There seems to be a race between fsnotify() and fsnotify_put_mark() that can cause a kernel panic. It seems to me that it's possible for fsnotify() to use conn->list after fsnotify_put_mark() assigns conn->destroy_next, causing fsnotify() to traverse a corrupted linked list.
1) Insert a udelay(1) after line 251 in fs/notify/fsnotify.c and recompile:
251 conn = srcu_dereference(*connp, &fsnotify_mark_srcu);
253 if (conn)
254 node = srcu_dereference(conn->list.first, &fsnotify_mark_srcu);
2) Run the attached reproducer on a machine running an impacted kernel:
$ tar zxvf fsnotify_bug.tar.gz
$ /bin/bash run.sh
The attached tarball includes an example stack trace from the kernel HEAD. I will follow up with a patch that I believe resolves this issue. I believe this issue was introduced in the patchset that ended at revision 054c636e5c8054884ede889be82ce059879945e6.

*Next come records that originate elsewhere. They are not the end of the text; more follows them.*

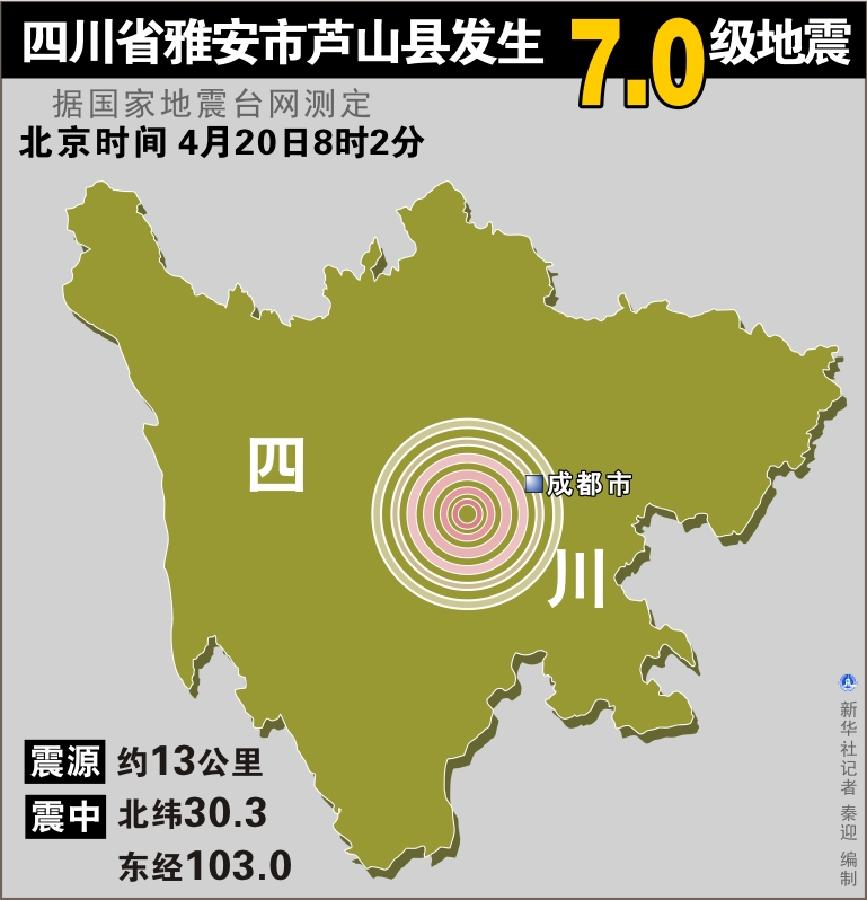 四川雅安发生7．0级地震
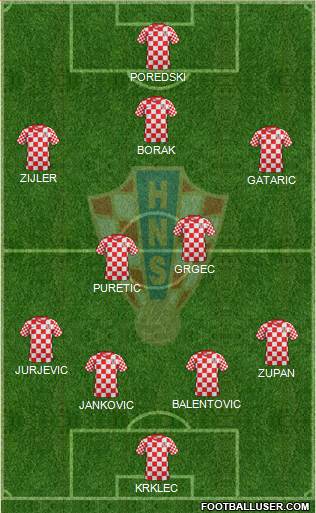 Croatia Formation 2014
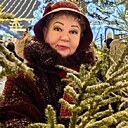 Знакомства: Элеонора, 57 лет, Воронеж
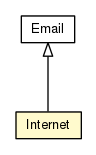 Package class diagram package Internet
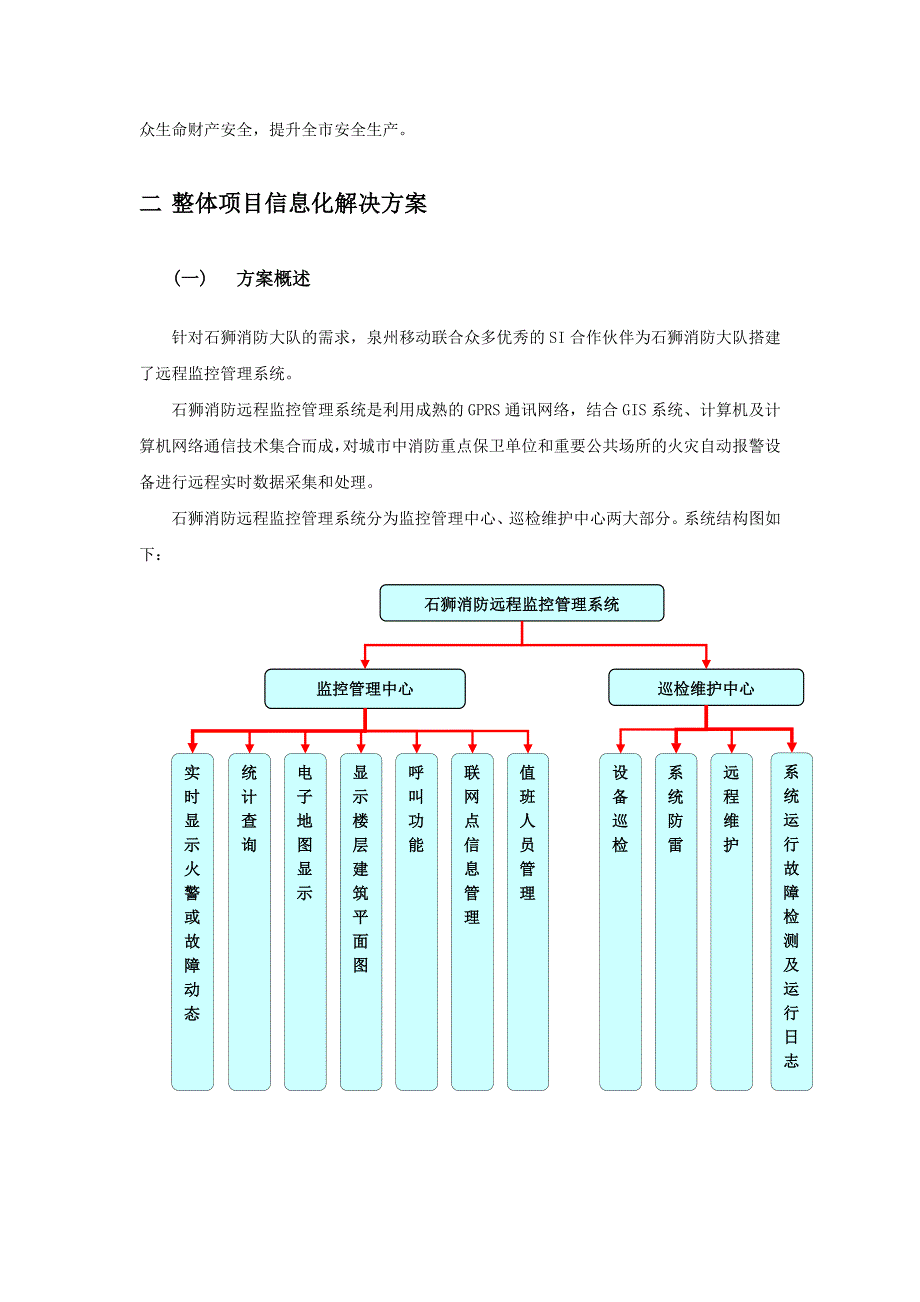 黄疆-石狮消防大队信息化项目解决方案(完)_第4页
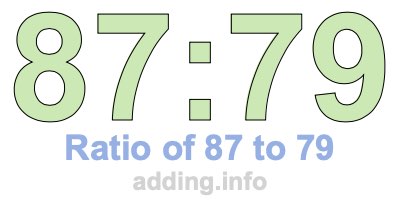 Ratio of 87 to 79 Ratio of 87 to 79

Proposed patch: https://patchwork.kernel.org/patch/10349009/
Similar thread discussing this issue:
It's not clear to me that that issue is related. But I suppose it might be valuable to keep in mind.
Thanks for report and for the reproducer. I've tested it and hit a kernel crash after 50 iterations of your ./run.sh script in my test KVM. I've also tried my suggestion of moving destroy_next out of the union and wasn't able to reproduce any crash in 400 iterations.
I'll integrate your testcase into LTP among other inotify tests.
Sounds great, thank you! Patch v2: https://patchwork.kernel.org/patch/10351417/
Thanks. I've added the patch to my tree and will push it to Linus.
Do we have any plan to add the bug fix/patch to some specific kernel version? Thanks!
All the best,
Your patch is present in the kernel since 4.17-rc3. Is it what you are asking about?